Ashman begins the conversation by discussing the background of Blue Advantage and why Ford felt the need to adapt its pre-owned shopping experience. Around a year ago, the company came together to discuss outsiders that were entering the used-vehicle market that were beginning to threaten Ford’s used-car business. In 2020, Ford sold one-third of all used Fords that were 10 model years or newer. Dealers recognize that consumers have more options for buying cars, leading Ford to adapt to meet the specific needs of consumers.
Ashman then goes into the marketing strategy behind the new product. He says this process begins with the Blue Advantage website experience. A differentiating factor of the website is that all vehicles are certified. Ford plans to completely change the certified pre-owned experience. The company will now offer both Gold Certified and Blue Certified vehicles on the website.
Ford dealers are allowed to opt-out of the program if they decide Blue Advantage doesn’t fit their business model. According to Ashman, 1,500 Ford dealers are currently involved in the program.

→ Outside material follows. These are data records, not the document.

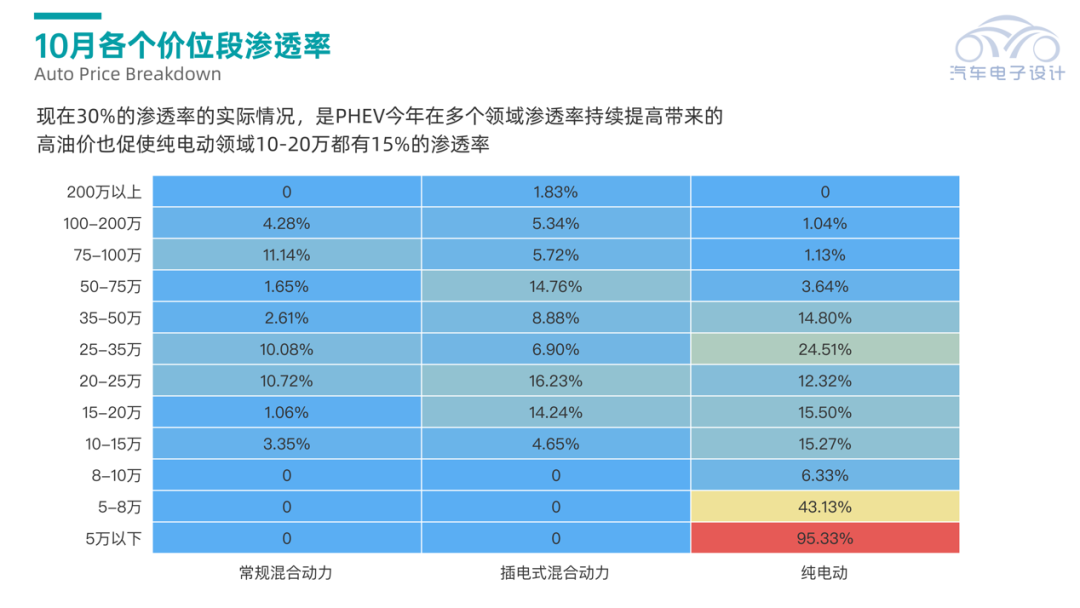 ▲Figure 3. Penetration rate in different price segments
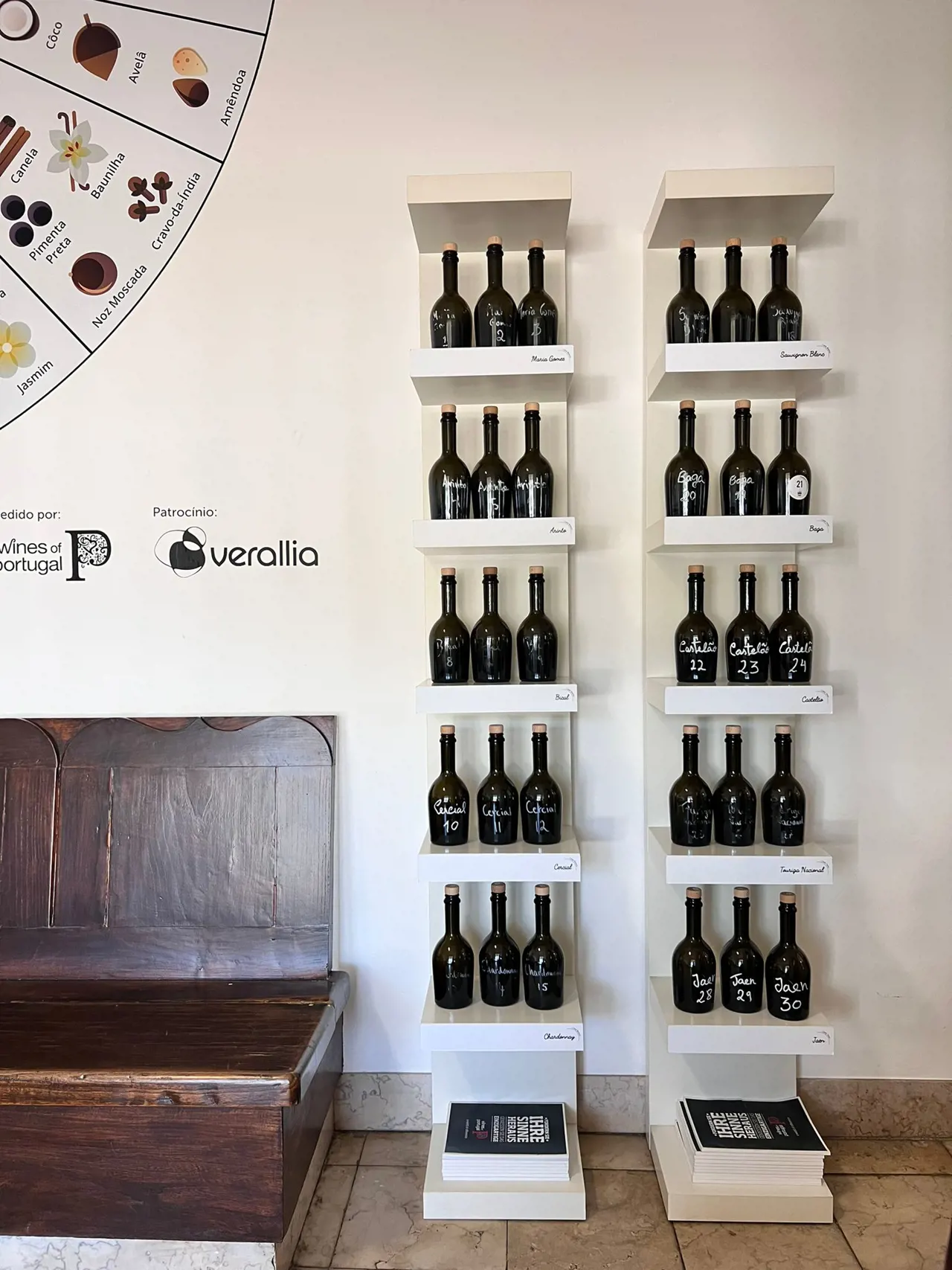 Bairrada em Aromas
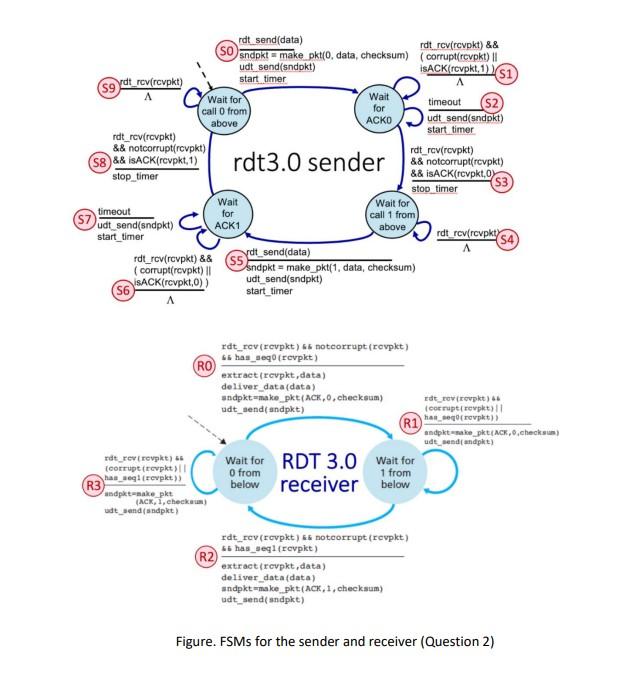 Solved Question 2 (30 points) Consider the RDT 3.0 protocol, | Chegg.com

He says that the company expects more dealers to sign up after they see the success of dealers who are already on board.
Ashman concludes the conversation by talking about online used-retailers such as Vroom and Carvana who have changed the way consumers buy used-vehicles. Dealers must be prepared to have a fully virtual experience to meet the needs of customers who aren’t interested in visiting the dealership. Dealers who dismiss digital retailing will quickly fall behind if they aren’t willing to adapt to the current climate in retail automotive. Ashman says that Carvana and Vroom are just forcing dealers to “up their game,” and he expects dealers to respond in a positive way.